Alexander miró el parque, los árboles tan altos y esplendorosos, y al césped, encontrándolo verde y aburrido.
-Supongo.
La mujer tendió una manta de pícnic en el césped y espero a que algún milagro sucediera ese día. Solo deseaba que su hijastro cambiará de parecer y no decidiera irse.
Las horas transcurrieron, muchos niños jugaban alrededor, su hijo Lucas corría con energía, mientras Alexander permanecía sentado en el mismo lugar leyendo un libro.
-¿Quieres un poco de jugo?
El niño negó.
Amelia se percató de que había perdido de vista al pequeño Lucas y se asustó de inmediato. La mujer se puso de pie, dispuesta a buscarlo, momento que aprovechó Alexander para irse de aquel ridículo sitio.
Cuando Amelia regresó con su pequeño Lucas en brazos, se percató de que no había rastros de Alexander por ningún lado. La mujer sintió que el mundo se desdibujaba bajo sus pies, mientras ideas atroces llegaban velozmente a su mente.
«¿Y si lo secuestraron?»
-¡Alexander!-gritó con desesperación.
El causante de aquellos desesperados gritos se alejaba corriendo de aquel parque, cruzó una calle y luego otra, sin saber muy bien a dónde iba, solo estaba convencido de que cualquier otro sitio seria mejor que la compañía de aquellos que tanto odiaba.

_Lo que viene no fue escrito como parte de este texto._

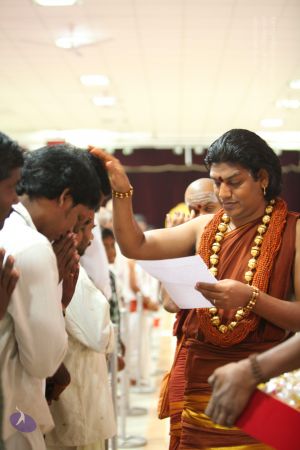 20130512 Photo 1162 14uhHyG4WAlILKKHOjNGlC2lxLhDFmTf4.JPG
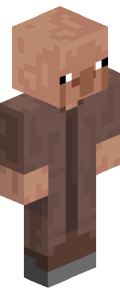 94b90a56315a6abaeabed3c37c2e7fd22d9a67e146b7ad875470cc1ae504d0d7 Minecraft skin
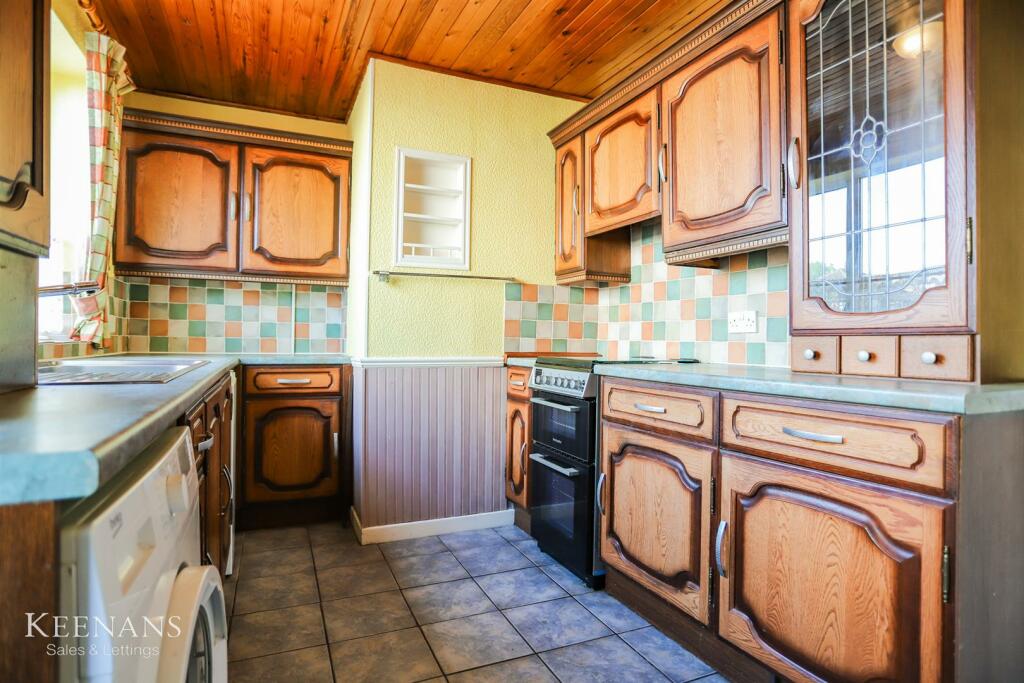 Additional image 4 of Queens Drive, Oswaldtwistle, Accrington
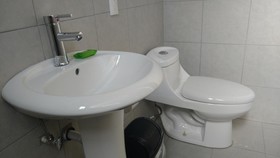 Hostel del Refugio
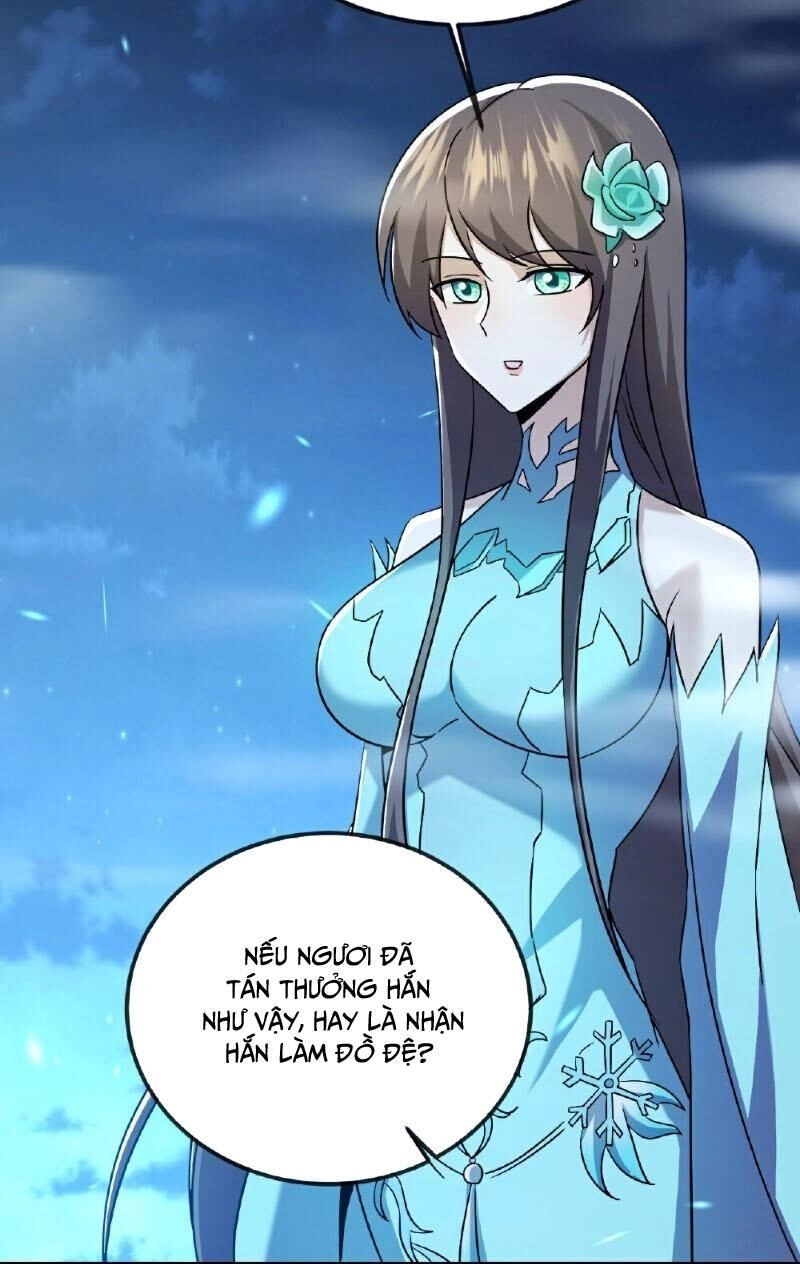 Tiên Võ Đế Tôn Chapter 508 - 11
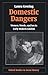 Domestic Dangers: Women, Words, and Sex in Early Modern London (Oxford Studies in Social History)
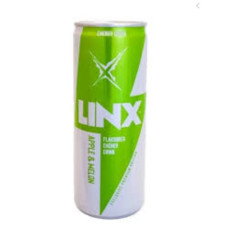 Linx Apple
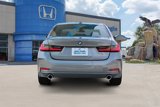 Used 2023 BMW 330e w/ Premium Package image 5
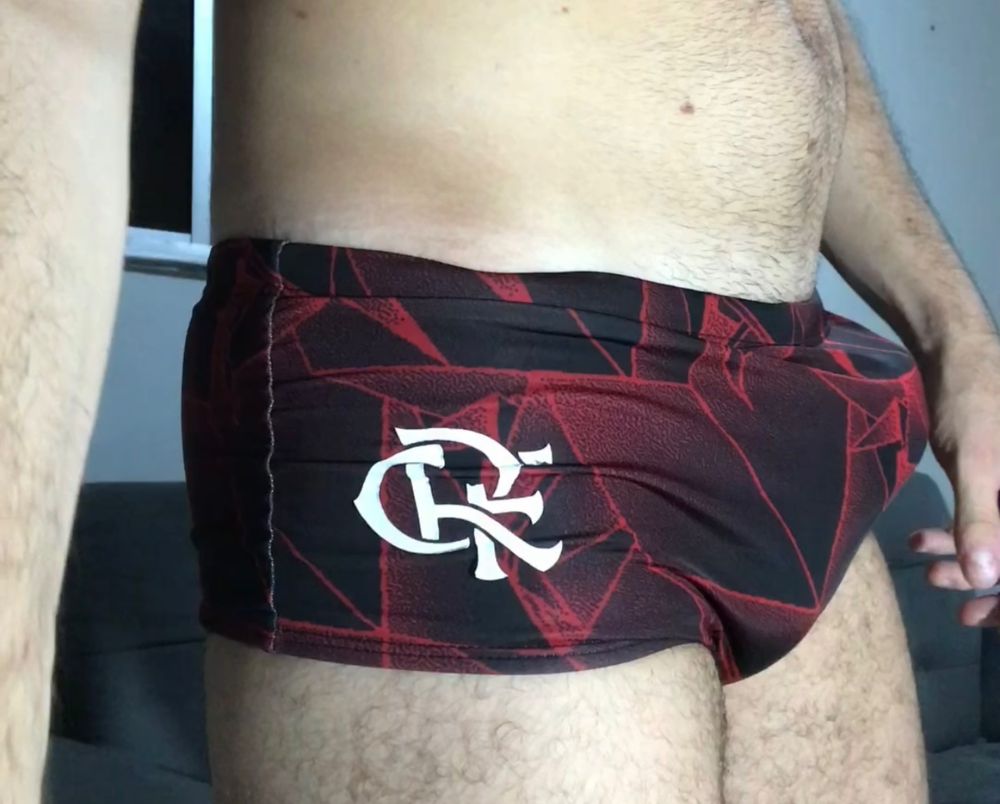 socafofo_rj OnlyFans profile picture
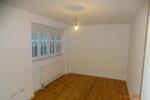 Maisonettenwohnung Stuttgart Sillenbuch - 3.5 Zimmer, 119 m&sup2;, 415.000&euro; | Angebot:26690481
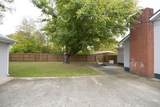 115 Broadrick St - Photo 11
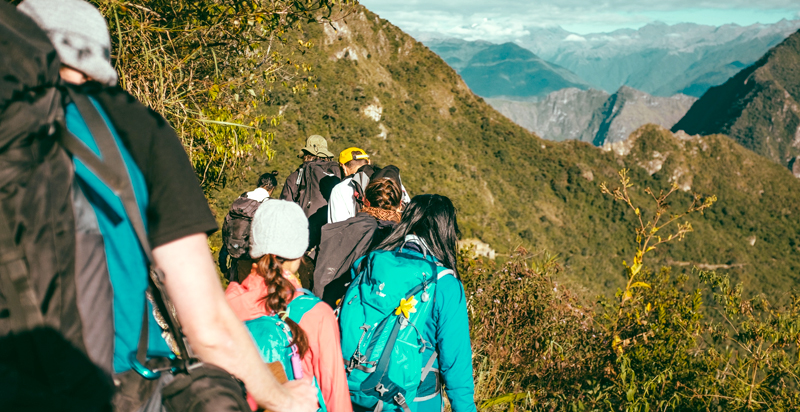 <br />
<b>Warning</b>:  Undefined variable $itinerary_title in <b>/home/vayaques/vaya.ink/wp-content/themes/vaya-3.0-child/page-accommodation.php</b> on line <b>129</b><br />
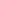 FWT - 0102 - Golden Flex Trouser - Foxyzz Apparel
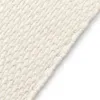 Tapiso HAND MADE Teppich LONI flach, pflegeleicht, Wolle & Produktbild-Vorschau 9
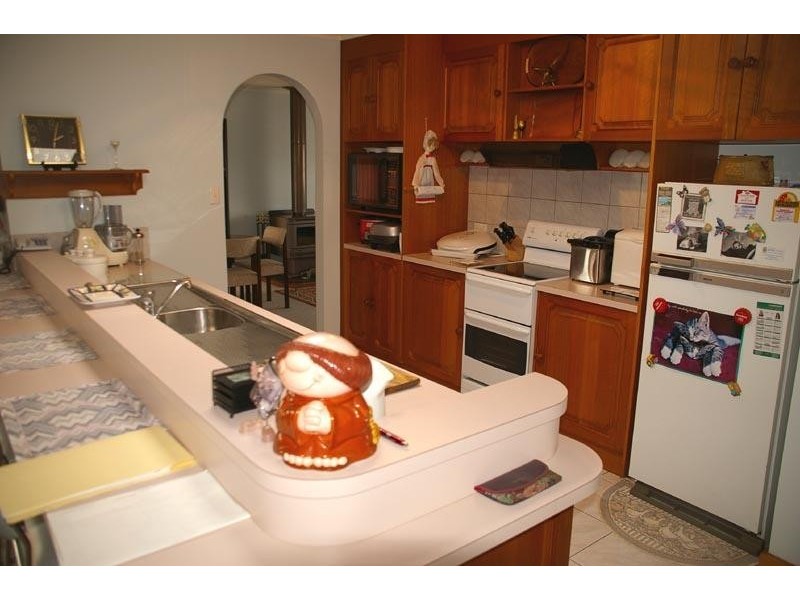 89 Beach Road, Coobowie SA 5583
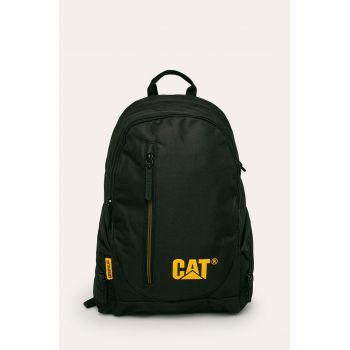 Caterpillar - Rucsac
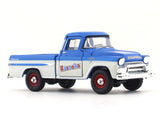 1959 GMC Stepside Bazooka 1:64 M2 Machines diecast scale car collectible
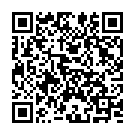 C&oacute;digo QR con el enlace al titular Miki actuarÃ¡ el Ãºltimo en la final de EurovisiÃ³n 2019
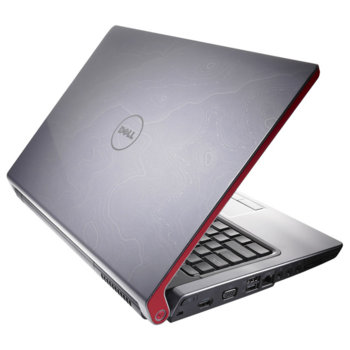 DELL Studio 15N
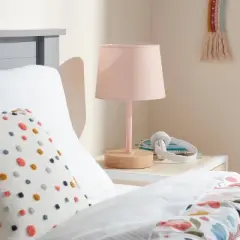 Kids' Table Lamp - Pillowfort&trade;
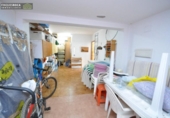 Xalet independent amb terreny en venda a la España, Alcanar, ref.: TR355935 foto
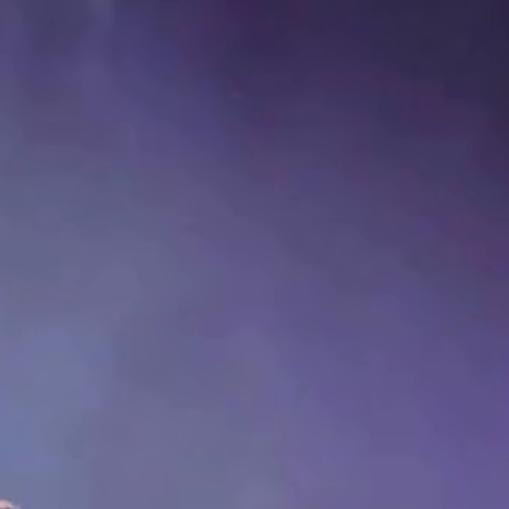 omo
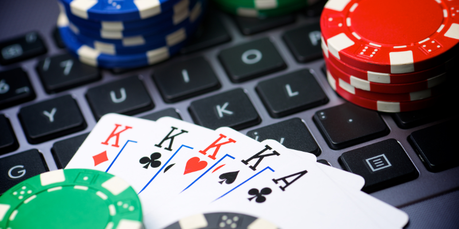 Peut-on vraiment gagner de l’argent via les casinos en ligne ?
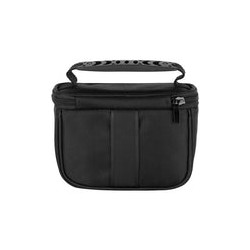 Estuche SmallRig 3704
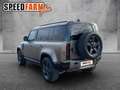 Land Rover Defender 110 X-Dynamic SE Gondwana Stone Коричневий - thumbnail 4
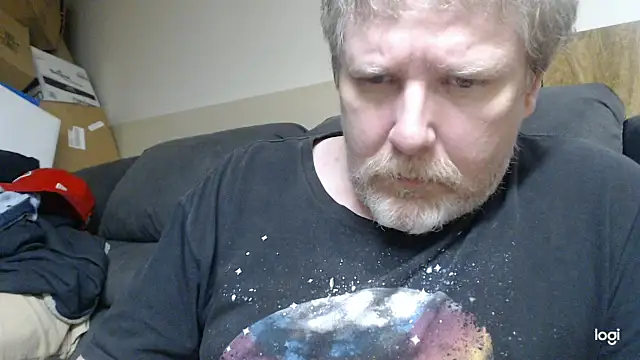 BrisonChase online show from July 2026 08:45:02 PM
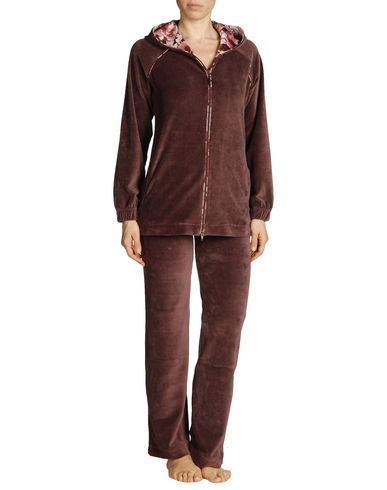 ZOOM ARGENTOVIVO - Sleepwear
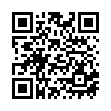 QR kód na túto stránku kosice.oma.sk u fabryho 18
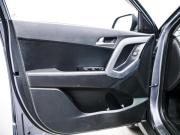 Hyundai Creta I Красноярск  - изображение 42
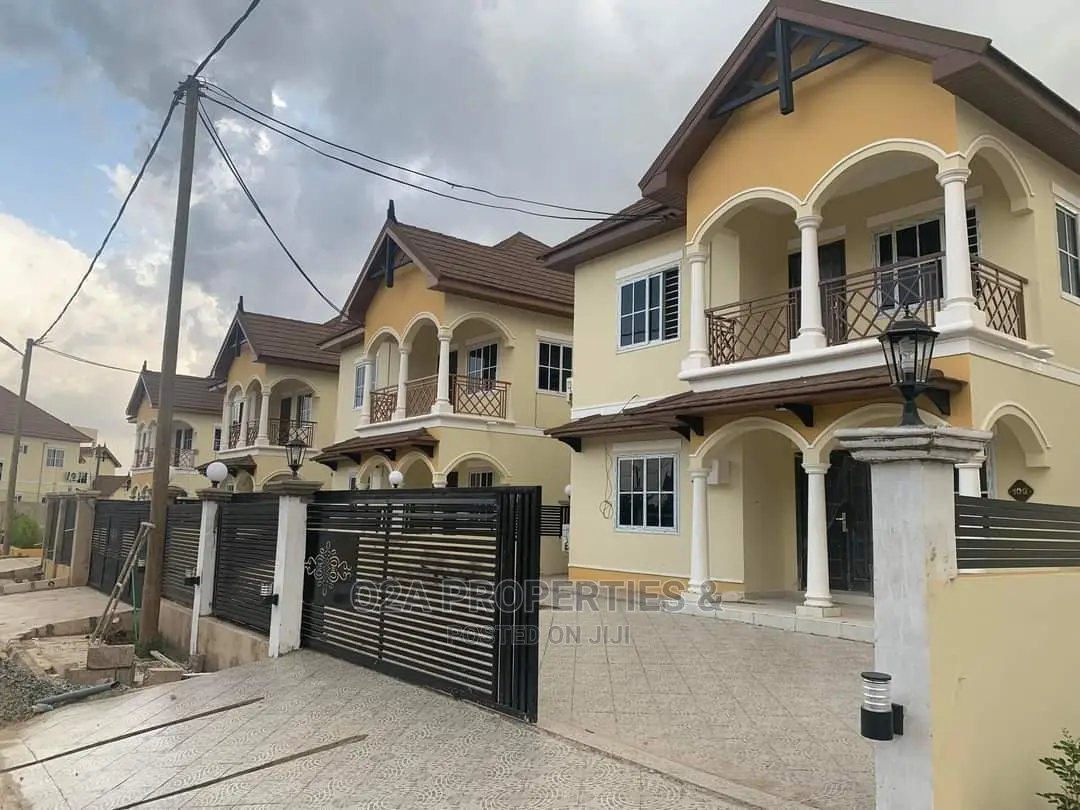 3bdrm House in School Junction for rent in School Junction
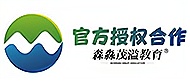 廣州森淼茂溢教育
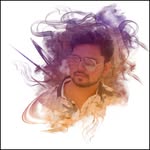 @faheem_sayed___ - Instagram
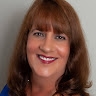 Nancy Lockridge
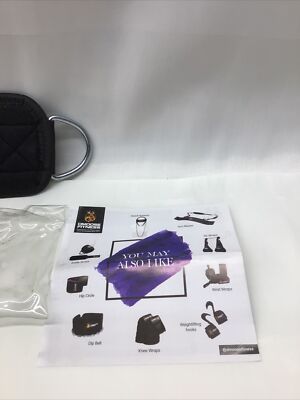 [EMS送料込] DESCENTE SCO DMARATHON V2 2colors NEW CET002000023、G-DUO10/100-AMBA by DHL or EMS | eBay
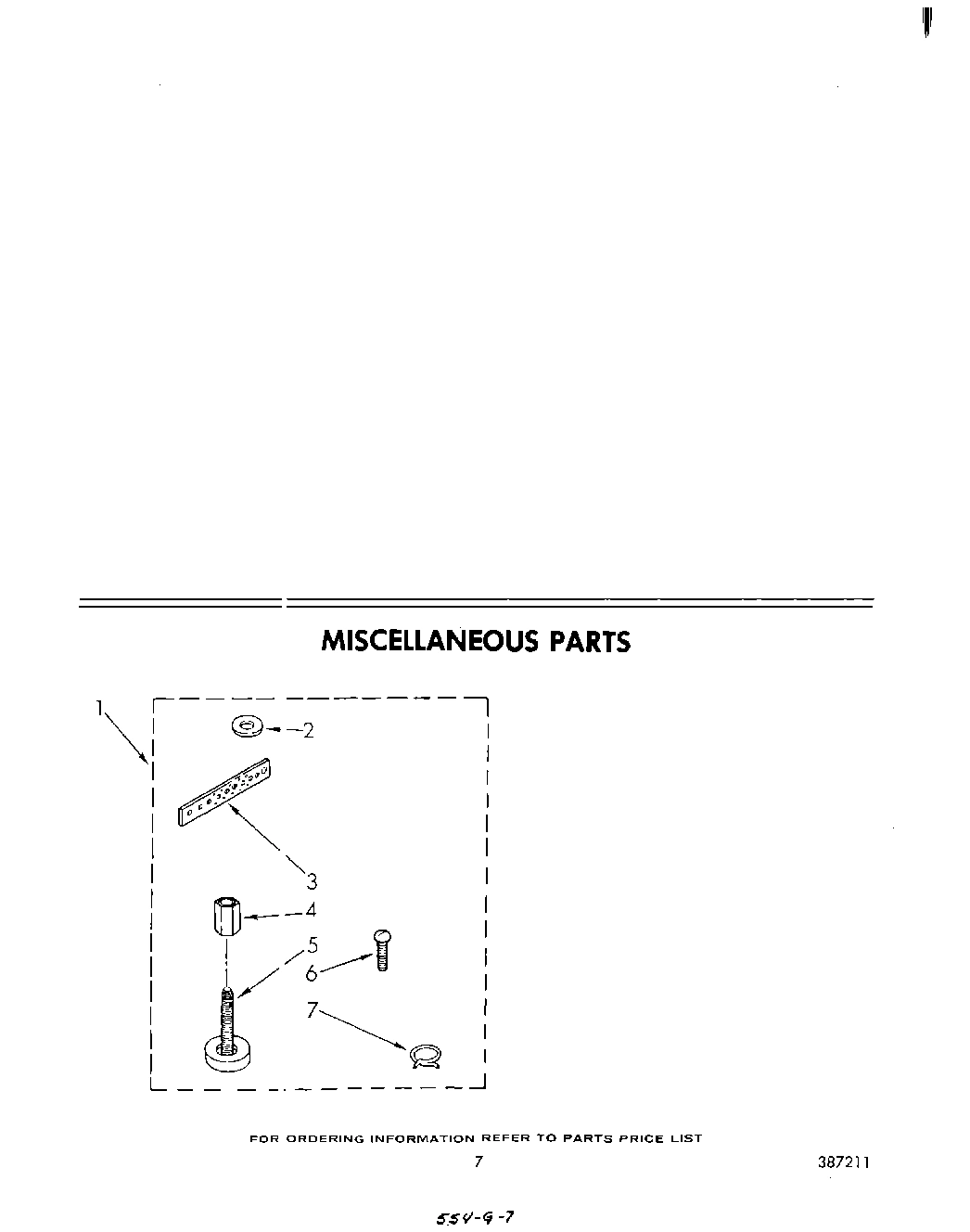 05 - MISCELLANEOUS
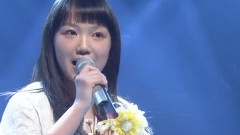 日本群星 - 故郷 ～Blue Sky Homeland～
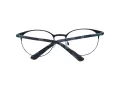 Pepe Jeans Gafas Graduadas PJ 2050 C1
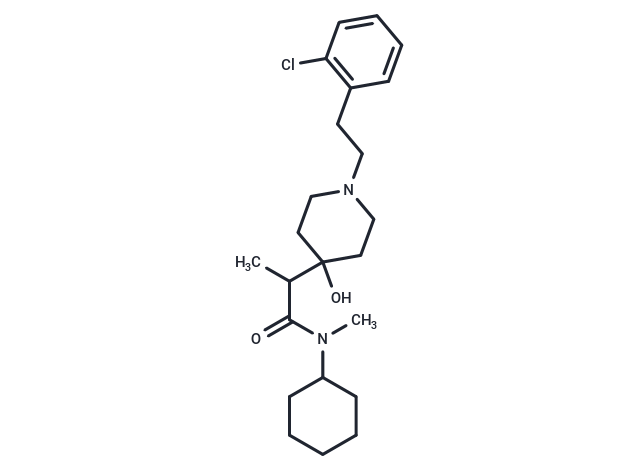 Pipramadol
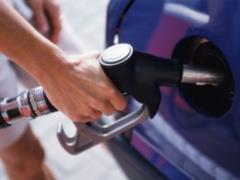 Ministry of Energy explained the reasons for the simple price of fuel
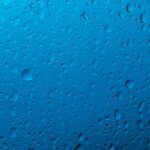 結露によって水没したiPhoneを復活させる方法について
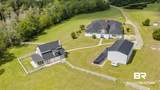 11960 County Road 95 - Photo 52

Lo que no se esperaba el niño era que algo sorprendente ocurriera ese día, una mujer salía de una esquina llorando y en cuanto lo vio le suplicó entre sollozos:
-¡Ayúdala!
Luego de aquello la desconocida corrió como si estuviese siendo perseguida y él no tuvo otra idea que seguir el mismo camino por el que había salido antes. Y entonces lo escuchó, era el llanto de un bebé, tenue pero preciso.